* [Task goal] Transcribe only the lines of the listing below from the one holding "Heat Resistant Double" through the one holding "NHL Highlights |", inclusive, without any change.

[Start of section]

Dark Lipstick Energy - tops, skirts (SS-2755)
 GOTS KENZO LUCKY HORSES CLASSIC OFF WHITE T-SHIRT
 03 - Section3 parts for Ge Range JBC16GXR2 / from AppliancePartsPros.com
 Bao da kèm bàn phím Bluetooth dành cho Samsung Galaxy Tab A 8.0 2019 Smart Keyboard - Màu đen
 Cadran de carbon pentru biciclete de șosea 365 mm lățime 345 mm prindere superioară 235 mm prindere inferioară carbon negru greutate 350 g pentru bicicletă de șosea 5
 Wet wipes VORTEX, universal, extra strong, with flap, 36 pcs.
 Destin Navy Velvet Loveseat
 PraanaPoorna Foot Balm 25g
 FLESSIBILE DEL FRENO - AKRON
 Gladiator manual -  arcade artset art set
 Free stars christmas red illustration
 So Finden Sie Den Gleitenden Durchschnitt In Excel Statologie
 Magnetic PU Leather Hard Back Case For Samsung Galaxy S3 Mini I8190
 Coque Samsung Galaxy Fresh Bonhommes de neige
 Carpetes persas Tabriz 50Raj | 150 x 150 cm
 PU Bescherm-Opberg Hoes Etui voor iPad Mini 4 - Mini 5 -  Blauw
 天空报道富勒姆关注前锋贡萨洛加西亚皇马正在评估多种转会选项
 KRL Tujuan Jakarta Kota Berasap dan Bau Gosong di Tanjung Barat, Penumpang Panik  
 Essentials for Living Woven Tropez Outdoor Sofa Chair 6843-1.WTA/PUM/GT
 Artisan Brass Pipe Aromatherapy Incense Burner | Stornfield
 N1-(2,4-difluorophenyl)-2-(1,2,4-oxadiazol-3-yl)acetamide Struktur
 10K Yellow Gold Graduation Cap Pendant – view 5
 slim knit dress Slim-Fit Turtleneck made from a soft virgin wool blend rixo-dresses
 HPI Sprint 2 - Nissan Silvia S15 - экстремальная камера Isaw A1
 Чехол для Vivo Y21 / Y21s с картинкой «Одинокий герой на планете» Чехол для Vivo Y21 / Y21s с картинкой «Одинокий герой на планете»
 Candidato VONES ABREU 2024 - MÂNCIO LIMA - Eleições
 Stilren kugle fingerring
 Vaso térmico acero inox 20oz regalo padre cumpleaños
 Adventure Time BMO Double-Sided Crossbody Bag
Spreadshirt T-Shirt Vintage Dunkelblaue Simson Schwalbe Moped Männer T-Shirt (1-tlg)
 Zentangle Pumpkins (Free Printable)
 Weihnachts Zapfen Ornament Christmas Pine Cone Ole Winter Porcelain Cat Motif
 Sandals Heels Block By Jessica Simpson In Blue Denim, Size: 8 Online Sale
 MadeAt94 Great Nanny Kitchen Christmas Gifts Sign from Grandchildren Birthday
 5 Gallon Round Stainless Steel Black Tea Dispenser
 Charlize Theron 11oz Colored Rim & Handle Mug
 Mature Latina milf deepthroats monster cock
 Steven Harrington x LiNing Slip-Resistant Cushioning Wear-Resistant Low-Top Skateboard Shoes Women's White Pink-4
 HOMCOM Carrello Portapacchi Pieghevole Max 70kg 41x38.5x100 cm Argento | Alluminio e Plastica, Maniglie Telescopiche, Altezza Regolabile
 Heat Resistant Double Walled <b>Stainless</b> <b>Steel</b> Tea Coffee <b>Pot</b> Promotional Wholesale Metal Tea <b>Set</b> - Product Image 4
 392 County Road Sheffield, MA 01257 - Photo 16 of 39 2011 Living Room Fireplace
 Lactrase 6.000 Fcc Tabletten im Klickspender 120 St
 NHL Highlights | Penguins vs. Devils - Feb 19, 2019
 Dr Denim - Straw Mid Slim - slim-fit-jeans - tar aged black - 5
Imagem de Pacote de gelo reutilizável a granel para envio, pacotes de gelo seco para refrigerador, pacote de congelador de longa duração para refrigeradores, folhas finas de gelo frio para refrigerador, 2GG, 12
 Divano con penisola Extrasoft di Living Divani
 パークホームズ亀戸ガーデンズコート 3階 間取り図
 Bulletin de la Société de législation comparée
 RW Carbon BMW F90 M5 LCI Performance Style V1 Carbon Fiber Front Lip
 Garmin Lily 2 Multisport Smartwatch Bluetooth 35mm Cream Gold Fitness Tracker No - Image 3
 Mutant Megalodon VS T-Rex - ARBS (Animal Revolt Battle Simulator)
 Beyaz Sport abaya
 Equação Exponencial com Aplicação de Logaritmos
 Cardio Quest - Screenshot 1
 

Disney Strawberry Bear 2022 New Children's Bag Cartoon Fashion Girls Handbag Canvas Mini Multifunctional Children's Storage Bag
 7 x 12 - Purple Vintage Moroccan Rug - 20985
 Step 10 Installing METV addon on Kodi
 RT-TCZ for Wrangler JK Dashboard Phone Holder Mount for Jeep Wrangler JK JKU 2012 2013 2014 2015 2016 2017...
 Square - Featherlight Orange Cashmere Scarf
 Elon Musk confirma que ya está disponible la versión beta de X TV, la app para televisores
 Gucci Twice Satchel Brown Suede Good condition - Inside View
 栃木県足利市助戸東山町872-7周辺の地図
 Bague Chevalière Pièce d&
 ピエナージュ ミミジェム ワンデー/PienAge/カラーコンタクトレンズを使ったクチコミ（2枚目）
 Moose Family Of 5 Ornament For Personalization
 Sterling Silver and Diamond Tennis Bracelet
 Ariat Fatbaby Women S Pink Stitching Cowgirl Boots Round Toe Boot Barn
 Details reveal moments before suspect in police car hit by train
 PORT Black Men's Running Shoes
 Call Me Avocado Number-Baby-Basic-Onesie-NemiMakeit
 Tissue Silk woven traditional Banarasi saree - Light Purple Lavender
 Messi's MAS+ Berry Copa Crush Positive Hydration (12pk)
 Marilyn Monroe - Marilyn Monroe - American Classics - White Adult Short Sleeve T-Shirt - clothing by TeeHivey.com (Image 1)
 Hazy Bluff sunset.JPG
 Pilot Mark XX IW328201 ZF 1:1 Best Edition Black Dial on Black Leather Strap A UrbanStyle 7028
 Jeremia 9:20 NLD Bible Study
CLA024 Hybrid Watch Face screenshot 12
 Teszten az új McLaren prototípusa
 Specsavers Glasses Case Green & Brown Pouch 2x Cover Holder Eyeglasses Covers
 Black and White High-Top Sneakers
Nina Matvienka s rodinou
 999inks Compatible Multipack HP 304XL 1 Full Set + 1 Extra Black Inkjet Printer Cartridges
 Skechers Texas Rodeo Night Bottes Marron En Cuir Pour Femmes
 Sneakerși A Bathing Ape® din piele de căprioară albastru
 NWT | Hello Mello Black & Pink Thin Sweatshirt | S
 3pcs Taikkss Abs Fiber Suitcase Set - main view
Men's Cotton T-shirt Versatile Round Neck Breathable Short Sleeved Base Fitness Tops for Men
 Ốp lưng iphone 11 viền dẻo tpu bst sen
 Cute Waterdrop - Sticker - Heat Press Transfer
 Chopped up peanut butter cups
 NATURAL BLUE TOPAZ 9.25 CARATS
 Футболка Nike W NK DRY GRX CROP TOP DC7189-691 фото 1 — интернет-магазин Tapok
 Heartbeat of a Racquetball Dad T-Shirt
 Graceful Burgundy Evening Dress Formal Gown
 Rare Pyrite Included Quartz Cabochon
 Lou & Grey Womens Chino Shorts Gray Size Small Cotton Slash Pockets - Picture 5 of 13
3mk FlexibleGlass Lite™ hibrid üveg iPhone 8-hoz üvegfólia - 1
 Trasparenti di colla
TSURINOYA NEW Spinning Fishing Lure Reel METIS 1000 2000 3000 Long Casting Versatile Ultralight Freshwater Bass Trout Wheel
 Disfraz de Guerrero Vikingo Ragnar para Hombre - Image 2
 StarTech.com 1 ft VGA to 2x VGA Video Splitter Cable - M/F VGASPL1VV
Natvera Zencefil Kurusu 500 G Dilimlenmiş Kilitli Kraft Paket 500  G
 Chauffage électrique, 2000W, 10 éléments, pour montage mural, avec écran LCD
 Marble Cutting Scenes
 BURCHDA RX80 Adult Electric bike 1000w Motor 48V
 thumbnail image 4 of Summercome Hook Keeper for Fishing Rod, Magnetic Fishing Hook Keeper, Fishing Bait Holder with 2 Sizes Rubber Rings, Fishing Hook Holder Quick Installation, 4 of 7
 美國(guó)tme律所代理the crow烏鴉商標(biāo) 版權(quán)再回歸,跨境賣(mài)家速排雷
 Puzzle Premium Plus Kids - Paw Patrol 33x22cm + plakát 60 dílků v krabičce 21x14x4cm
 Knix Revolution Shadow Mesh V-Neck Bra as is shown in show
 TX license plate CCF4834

[End of section]

* [Task output]
 Heat Resistant Double Walled <b>Stainless</b> <b>Steel</b> Tea Coffee <b>Pot</b> Promotional Wholesale Metal Tea <b>Set</b> - Product Image 4
 392 County Road Sheffield, MA 01257 - Photo 16 of 39 2011 Living Room Fireplace
 Lactrase 6.000 Fcc Tabletten im Klickspender 120 St
 NHL Highlights | Penguins vs. Devils - Feb 19, 2019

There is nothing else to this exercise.